Flydenity is a callsign identification library to help match tail numbers or callsigns to origin nations. The library is a python wrapper on top of a curated dataset containing a set of regular expressions generated from the International Telecommunications Union (ITU) International Call Sign prefixes. The registration codes in this dataset are separated by country post The Paris Convention in 1929. The database also contains a description of each codeset with 2 and 3 letter ISO country codes following the ISO-3166 standard.

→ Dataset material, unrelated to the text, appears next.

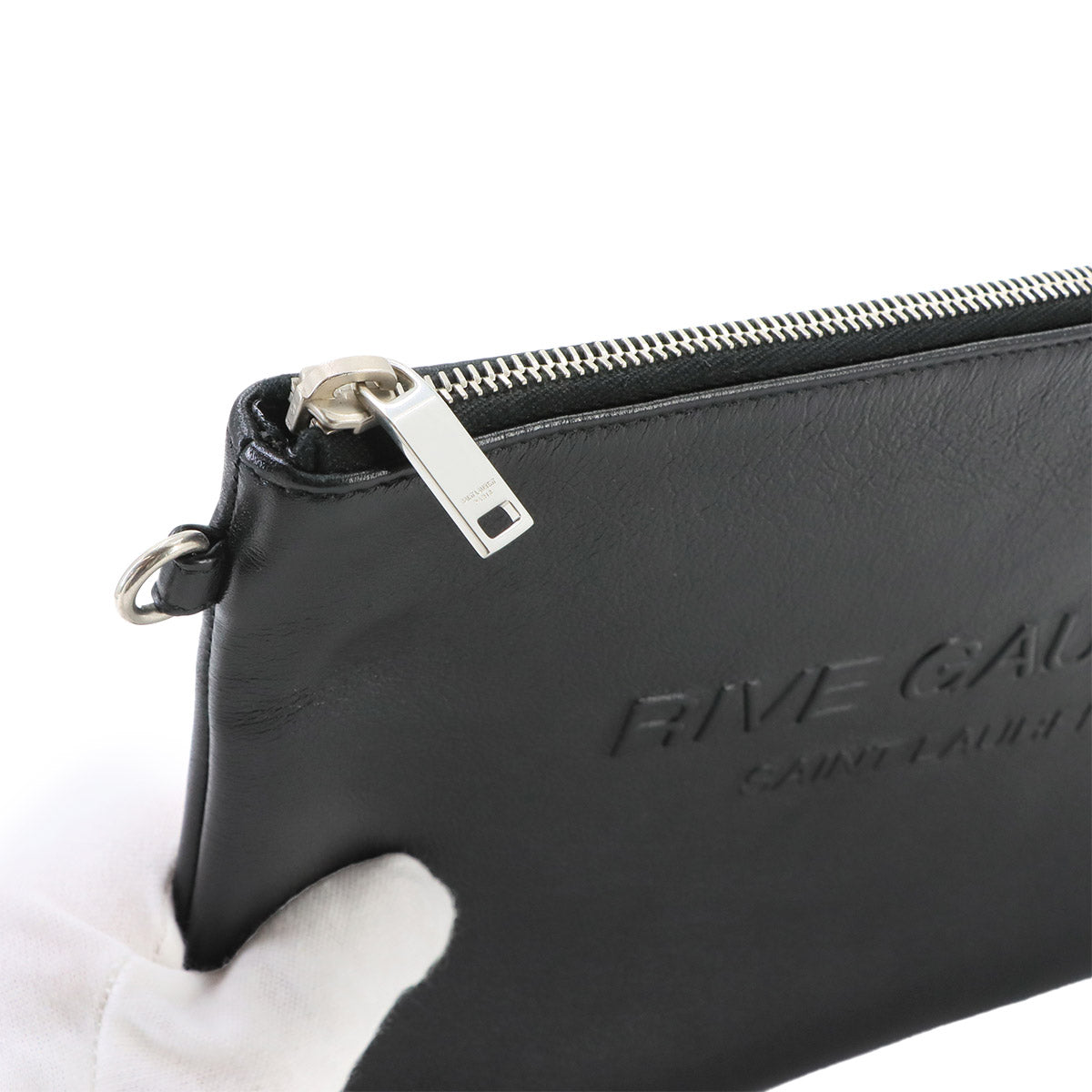 Clutch Bag Leather Black 581369 Purse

Flydenity is on PyPi, simply install it with PIP
pip3 install flydenity
To run, you can simply include it in your python library using the following
>>> from flydenity import Parser
>>> parser = Parser()
>>> parser.parse("AF1234")
{'nation': 'United States', 'description': 'general', 'iso2': 'US', 'iso3': 'USA'}
You can also run it from the command line (multiple arguments allowed)
$ python -m flydenity AF1234 D-1234
{'AF1234': {'nation': 'United States', 'description': 'general', 'iso2': 'US', 'iso3': 'USA'},
'D-1234': {'nation': 'Germany', 'description': 'gliders', 'iso2': 'DE', 'iso3': 'DEU'}}
In total, the dataset contains a total of 408 unique regular expressions to describe aircraft tail numbers across 217 unique countries.
Of course, everyone has a programming language of choice. Mine for this effort was Python. I've including a wrapper class classed "ARP" which you can use to parse through the expressions.
Since the ITU International Call Sign prefexies are universal across Aircraft and Maritime Call Signs, we include functions within out API to parse Maritime Call Signs as well.
To evaluate how well the regular expressions work, we extracted unique tail numbers from a years worth of air traffic from FlightRadar24.com In total, we evaluated over 250k unique tail numbers against the regular expressions to minimize duplicate tags. In total, the parser was around 98% accurate in matching tail numbers to a specific country. Of course this could be improved, but that's why this library is open-source :)
All data was collected using open sources across the web, specifically using the links below.
I constructed two datasets (as of right now) for this effort.
Some of these countries or regions could have a standard that is not within this database. Please update the list if you make changes.